Saturday, September 13, 2008

Sandy, Bad Food And The Ruin Of The World

Sem-EYE-Homemade with Sandra Lee

Italian Slow Cooking
Bow Ties with Artichoke Pesto
Chicken with Vegetable Ragout and Polenta
Venetian Coffee

Wild Mushroom Dip

My intention was to finally sit down and watch The Cooking Loft and report on how the chef of Butter is doing as host of her own show. But as I prepared to turn on the tape, there was Aunt Sandy in an overly elaborate black tunic with scads of white lace running down the front. She had a wide black-ribbon headband and her hair was in a beehive ponytail reminiscent of Wasilla chic.

Plus, the window valence was a strange black brocade piece of material draped diagonally across the window. There were black items stuck haphazardly all over the kitchen. Maybe this was a funeral lunch for a lace maker…I HAD to stay tuned.

Each dish that was promo-ed was an unattractive brown or beige. I guess she’ll make up for that with lots of tchatzkies on the table. Even the beginning of the show riles me, though, where she actually admits her food is 70% processed chemicalized crap mixed with 30% real food.

The first recipe is a mushroom dip, which honestly looks like grey waste matter in a flat bowl. She soaks dried mushrooms in warmed white wine. I don’t think that’s an awful idea, but it is a waste of wine - although she probably buys it by the keg - because not all the liquid is used. She mixes her soaked mushrooms with some of the liquid in the food processor. The enormous handkerchief type sleeves of her tunic threaten at any moment to become saturated with winey mushroom juice, but she plows on unperturbed.

OMG, the other ingredients for the dip include a can of mushroom soup. Just imagine using condensed soup as the base for a dip. Think about dipping a carrot stick into a can of soup. There really should be a law, although she is quite proficient at getting that gunk out of the can.

That goes into her nonstick pan, which I hate. I sure hope she has no birds around. She called that a sauté pan. No, Sandy, that’s a saucepan. A sauté pan is wide with straight sides.

Oh joy, she’s adding tarragon. That’s okay, I would rather have eaten compost than this anyway. Next a small tub of cream cheese goes in with ½ cup of sour cream and a cup of mozzarella (preshredded, bien sur) goes in. She adds salt…bad move. She pours in the mushrooms and stirs well. It all goes into that flat bowl.

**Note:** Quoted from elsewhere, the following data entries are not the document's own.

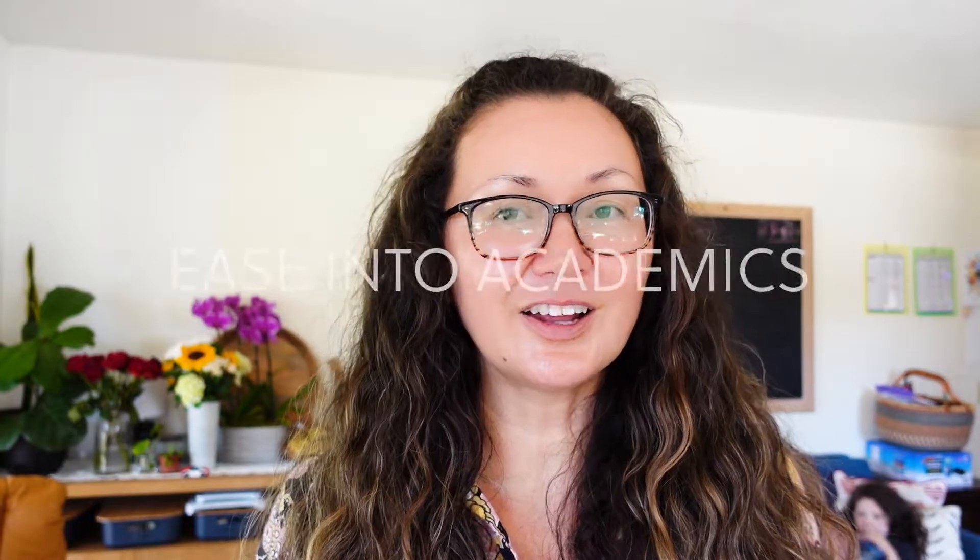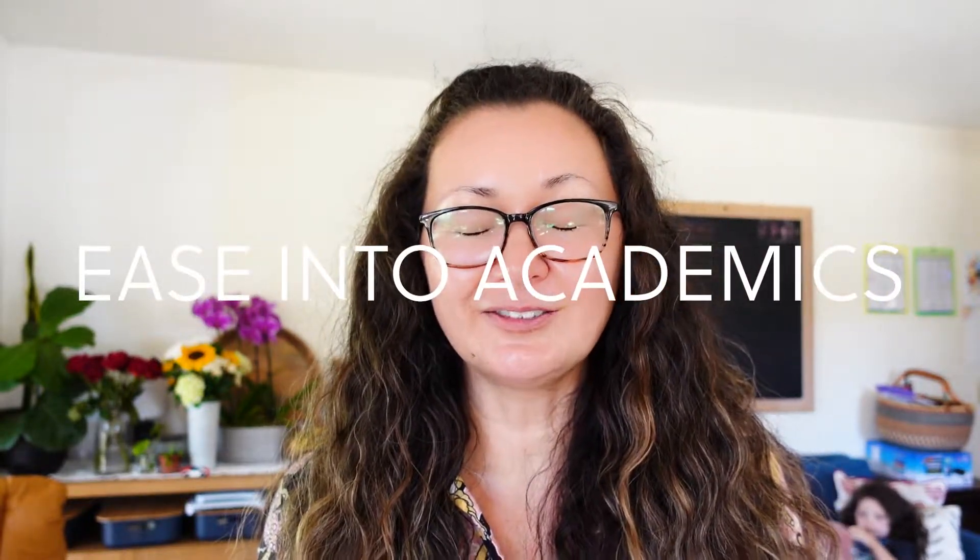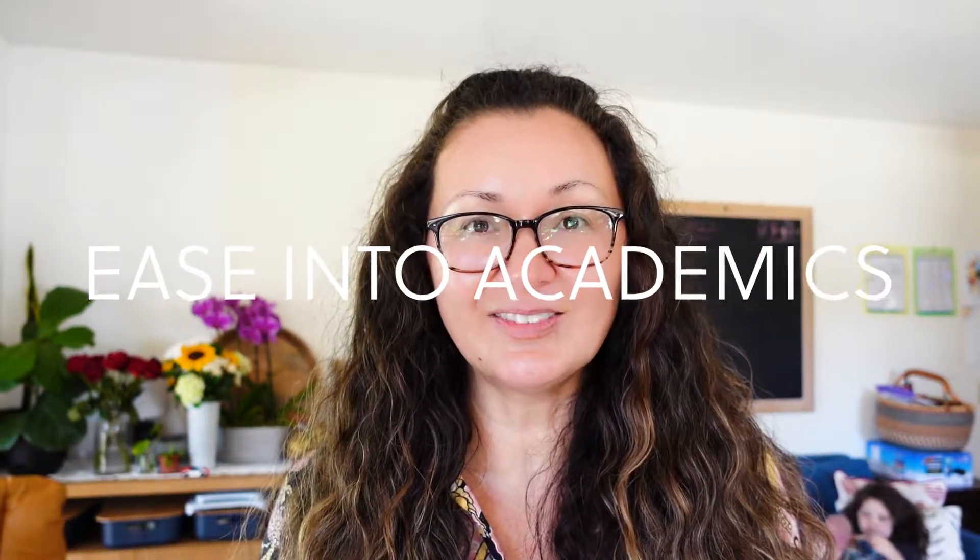When you start your new school year, you don't want to do all the academics at once, even though you're excited to tackle them. You want to just start with one subject and feel comfortable with that before you introduce any new curriculum into the mix.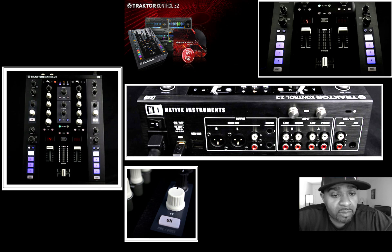It also has removable top panels, so later on down the road they may come out with skins for it, so you can put a customized skin on it — Native Instruments will probably put those out to make more money, which is pretty smart on their part, like they did with the new Maschine MK2.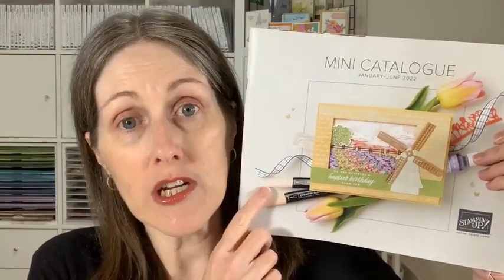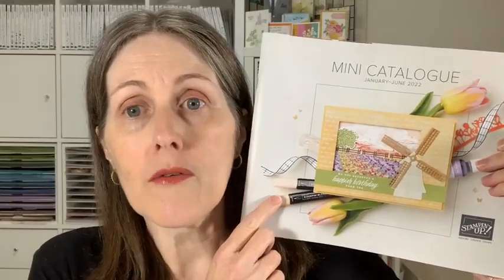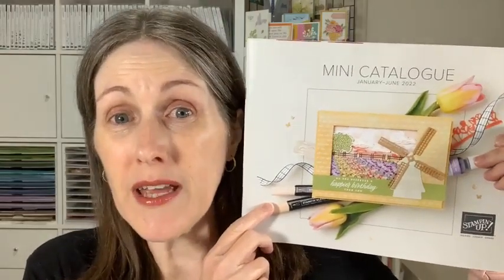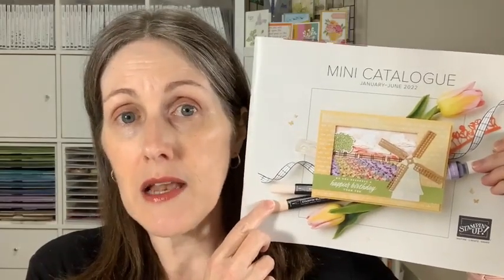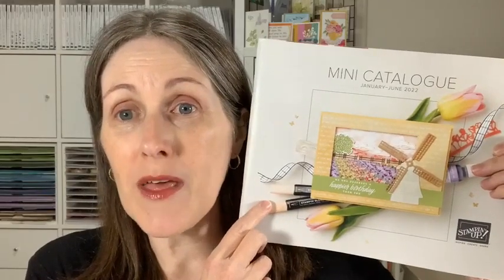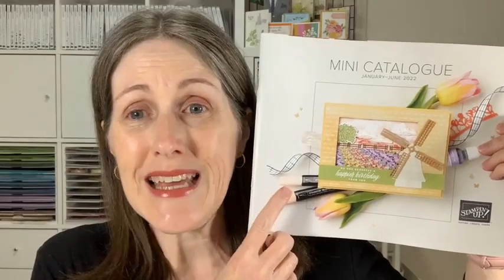Don't forget the last chance sale is on at the moment from the January to June 2021 mini catalog. Products that are retiring are available while supplies last, with up to 50% off some items. Check out the last chance list in my online store. Also, if any bundles from this catalog were on your wish list, get them this month — a lot of those carrying over into the new catalog won't be bundled anymore, so you'd miss out on that 10% discount.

She moves very rapidly to artichoke pesto. I think it’s so we don’t notice how bad the mushroom dip looks. She opens 2 jars of artichokes and drains them in the sink. They go into the food processor. She adds 1 teaspoon of FAKE lemon juice with ready grated parmesan cheese and ¼ cup of pre-chopped walnuts. Sandy purées the mixture and adds 3 tablespoons of olive oil. It comes out the exact same brown grey color as the mushrooms. It looks like chopped liver.

She’s back from a break. Oh, I just noticed the BLACK KitchenAid in the corner. Sandy strains cooked bow tie pasta and tosses it with the artichoke pesto. She adds some more of her packaged grated parm. She doesn’t even try to stop it from looking like gritty grey cement on the pasta. No green, nothing from the plant world to lift the color.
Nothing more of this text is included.